What are the most valued data science skills?
The purpose of the project was to effectively collaborate on acquiring appropriate datasets then tidying and transforming to analyze and visualize the dataset in effort to answer the questions.
Data Source:
“Data Scientist Jobs” from Kaggle (url: https://www.kaggle.com/andrewmvd/data-scientist-jobs) that contains information on Job title, Salary and Description which would explain what skills are highly desired.
“The most in Demand Skills for Data Scientists” from Kaggle (url: https://www.kaggle.com/discdiver/the-most-in-demand-skills-for-data-scientists/data) that contains general data scientists’ skills that are desired by the employers.

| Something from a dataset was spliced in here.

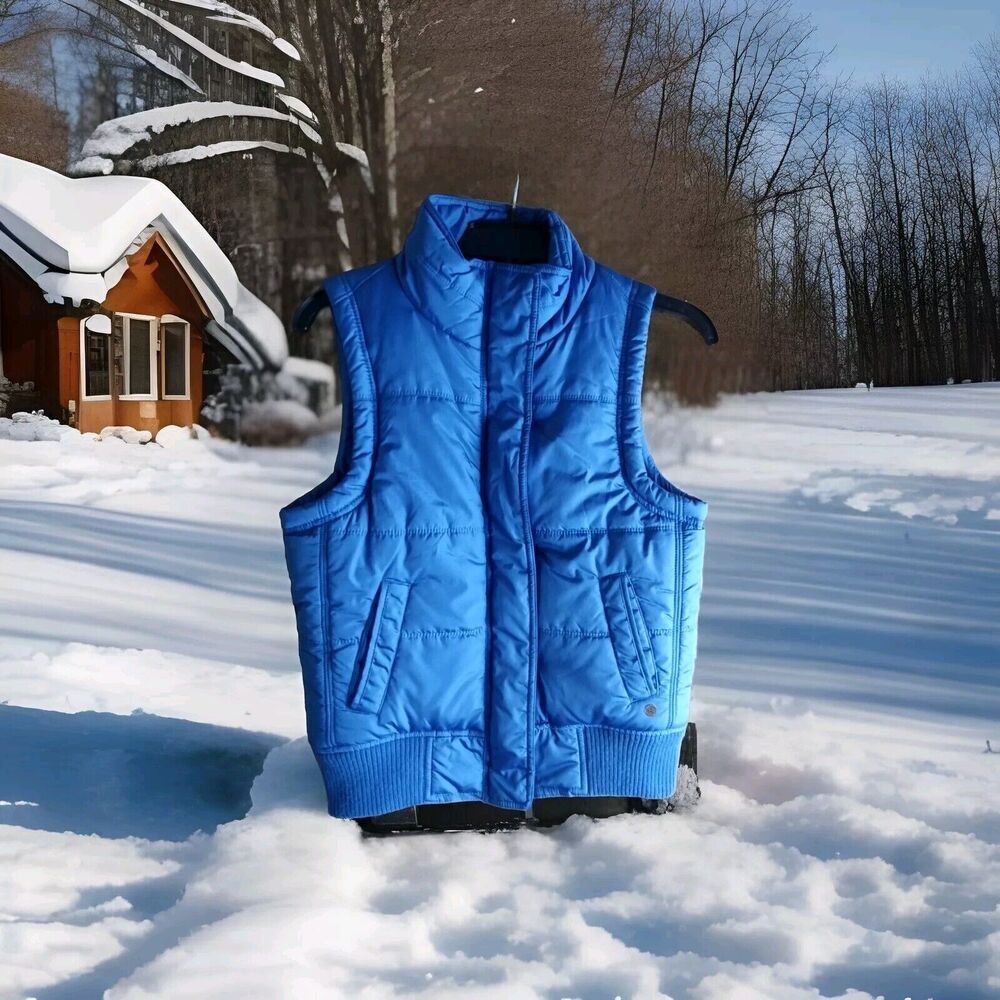 Tommy Girl Puffer Vest Jacket Size S Blue Snap/Zip Pockets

1. Acquiring Data : Finding the appropriate dataset and uploading it to Github as a csv file so that they can be read into rstudio for tidying and transforming.

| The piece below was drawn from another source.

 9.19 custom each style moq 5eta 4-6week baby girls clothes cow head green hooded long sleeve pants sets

2. Tidy and Transform : Using numerous r functions and packages such as dplyr and tidytext, data frames containing relevant information was extracted for analysis.

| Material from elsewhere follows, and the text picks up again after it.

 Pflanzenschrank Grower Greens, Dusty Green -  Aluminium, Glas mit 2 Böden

3. Visualize and Analysis : The plots were generated regarding general technical skills and desired programming languages using ggplot packages.
4. Conclusion : General insight and conclusion were drawn from the data.
Collaborators on this project are as follows:
Hazal Gunduz
Chunjie Nan
Jiho Kim
We used the following technologies to collaborate:
Slack
Google Docs
library(dplyr)
##
## Attaching package: 'dplyr'
## The following objects are masked from 'package:stats':
##
## filter, lag
## The following objects are masked from 'package:base':
##
## intersect, setdiff, setequal, union
library(tidytext)
library(ggplot2)
library(data.table)
##
## Attaching package: 'data.table'
## The following objects are masked from 'package:dplyr':
##
## between, first, last
There are many skills and skill-sets that employers are looking for when hiring a data-scientist. And, it’s necessary to know the best 9-10 languages. SQL, Python, and R were the most desired programming languages for data scientists and shiny and plotly were the most popular R libraries among the data scientists. When we look at the most desired general skilled graph, top skills are analysis, machine learning, and statistics followed by computer science indicating that most valuable skills for a data scientist are strong technical skills.